Now, let’s analyze a scenario where the anchor sample has higher similarity with a negative sample. Suppose the similarity scores are:
$[\text{sim}(x, x'_1), \text{sim}(x, y_2), \text{sim}(x, y_3), \text{sim}(x, y_4)]$ = [0.25, 0.5, -0.45, -0.1]
The resulting changes in similarity, Softmax probabilities, and CrossEntropyLoss are as follows:
Temperature | Similarity (sim) | Softmax Probabilities | CrossEntropyLoss |
---|---|---|---|
1 | [0.25, 0.5, -0.45, -0.1] | [0.2869, 0.3684, 0.1425, 0.2022] | 1.2486 |
0.5 | [ 0.5, 1.0, -0.9, -0.2] | [0.2948, 0.4861, 0.0727, 0.1464] | 1.2214 |
0.05 | [5, 10, -9, -2] | [ 6.6e-03, 0.9933, 5.5e-09, 6.1-06] | 5.0067 |
0.01 | [ 25, 50, -45, -10] | [1.3e-11, 1.00, 5.5-42, 8.7-27] | 25 |
From these results, we can observe the relationship between temperature coefficients and loss:
- When the anchor sample has the highest similarity with the positive sample, a lower temperature leads to a lower loss.
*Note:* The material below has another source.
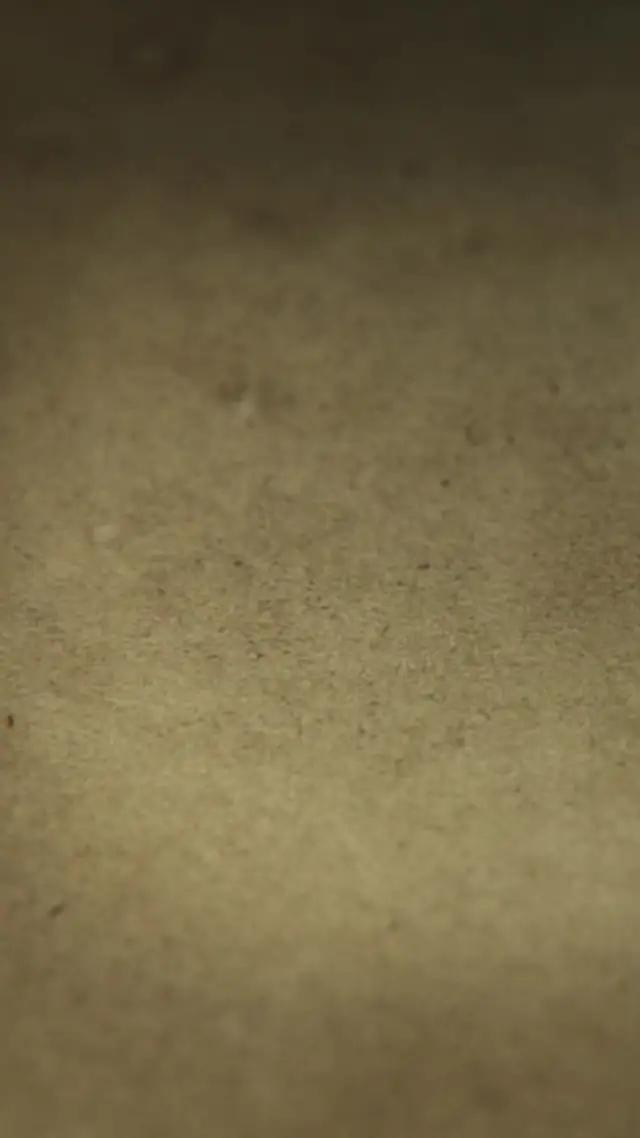 Choose Your Champion!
- Conversely, when the anchor sample has the highest similarity with a negative sample, a lower temperature results in a significantly higher loss.
- Higher temperature coefficients result in a more moderate adjustment during training. The model is less sensitive to whether it correctly identifies the positive sample and makes smoother updates.
- Lower temperature coefficients cause sharper adjustments. The model prioritizes quickly learning to predict the positive sample correctly, and once it achieves this, further updates are minimal.
5. Final Thoughts on Temperature Coefficients
The conclusions presented here are based on my personal experiments and understanding. If there are any inaccuracies, please feel free to provide corrections or feedback in the comments.
Key takeaways regarding temperature coefficients in contrastive learning:
- Smaller temperature coefficients improve contrastive learning performance by pulling similar samples closer and pushing dissimilar samples further apart.
- To achieve uniform feature distribution, the temperature coefficient should be moderate—neither too high nor too low.
- When the anchor has the highest similarity with the positive sample, a lower temperature results in a lower loss.
- When the anchor has the highest similarity with a negative sample, a lower temperature significantly increases the loss.
- Higher temperature coefficients result in smoother and more moderate adjustments.
- Lower temperature coefficients lead to sharper, more aggressive adjustments, prioritizing the correct prediction of positive samples. Once learned, the model makes almost no further updates.
For points 1 and 2, refer to Section 3. For points 3–6, refer to Section 4.
The commonly used temperature coefficient is 0.05.